Consented Hijack
Jason Yuan, Omar Rizwan and Jeff Dlouhy recently published a browser extension called Hijack Your Feed.
I’ll let Jason’s introduction of Hijack Your Feed explain the details of the project if you’re interested. In short, Hijack Your Feed replaces ads in one’s Twitter timeline with colorful prompts from your Reminders app. It uses space made to grab your attention, to remind you instead about actions that are necessary or desirable to you.
Hijack Your Feed @hijackyourfeed
Reclaim your attention. Hijack your feed. https://t.co/LOMWCrZJcfIt’s an great exploration of the ad blocker concept. Where one might simply make ad space disappear, why not give it a new purpose instead? If a feed exists for entertainment, but also encourages us to take beneficial actions outside of itself, then it becomes a much better citizen of our time and attention.

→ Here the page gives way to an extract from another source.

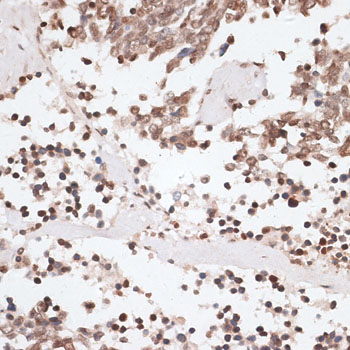 H2AFX / H2AX Antibody - Immunohistochemistry of paraffin-embedded human lung cancer using H2AFX antibody at dilution of 1:100 (40x lens).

Repurposing ad space has lots of history in printed and televised media. Newspapers usually have filler ads to take up blank spaces in their layouts as well as their classifieds, and these fillers usually promote local non-profits and publicly available resources. Outdoor advertising – billboards and the like – run their own ads when demand is low, and sometimes they partner with museums or local art groups to display art in unused ad space. Television channels do similar things.
There’s a pattern to these examples, however. By default, public interest gets the crumbs that remain after all capital interests are fulfilled.
So, open question – what other interesting outcomes might happen, if we could treat all ad space like these crumbs?